Once in a while Fr. Pfeiffer or I would wander over to the church to see how things were going during exposition and to pray for a little while. I tried to go during the transition times from one hour to the next allowing those who needed to leave to go but being there until the persons who showed up for the next hour to come. It turned out to be completely unnecessary.
I do enjoy sneaking over to the church at night when it is still and dark; Just a couple of “ghost lights” on and a glow from the candles. But last night I went over to the lit church just before 11PM to do my Night Prayer and Office of Readings. There were a number of people praying or coming and going. Everything was quiet except the roar of the air handlers. We had put one of my chiming clocks in the church to help people keep track of time but the clock that makes a ruckus in the house is almost not heard in the vast cavern of a church.
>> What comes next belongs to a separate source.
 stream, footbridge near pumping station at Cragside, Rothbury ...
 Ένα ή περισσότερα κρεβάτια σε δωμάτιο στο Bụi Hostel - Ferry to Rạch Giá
All is still save for the candles burn away as they stand in honor of the presence of our Lord. After my prayers I rest one elbow on the pew back and rest my chin and try just talking and listening to God. Occasionally my mind wanders and I shake myself back to paying attention to Him. This is not just a problem between me and Jesus, I experience it with just about anybody. My mind wanders and I think, “Hey! Pay attention to this person in front of you!” So, gently I come back – although much of the time the things that I am trying not to think about because I am supposed to be about the business of praying ARE the very things I should be praying about.
During my homily promoting our Eucharistic Devotions I used the phrase in reference to the Blessed Sacrament as Jesus; Body and Blood, Soul and Divinity. An older gentleman (as he put it) lodged a complaint about this. “Jesus said, ‘this is my body,’ why do we have to add anything?” My homily had been in part about how some people do not know what the Eucharist truly is anymore. I explained that this understanding is at the heart of the Church, the heart of Vatican II, the basis of our belief and many Catholics have lost this understanding and we must reclaim it so I constantly reiterate it. “It just sounds too EWTN,” he replied.
So, my mind wanders to him last night. I shake my head and try to come back to where I was supposed to be in my schedule of prayerful things I had to talk about. Then it caught me that this is what I should be praying about. And here is the glory of celebrating 40 hours, coming back to our roots, our reason for being in common union, the source and summit of our lives, the basis for being Catholic, the heart of our community and the center of our covenant – what better thing to pray about than that we as a community come to understand this better, grow in unity, and strive for sainthood through the Jesus present to us in His Eucharistic form.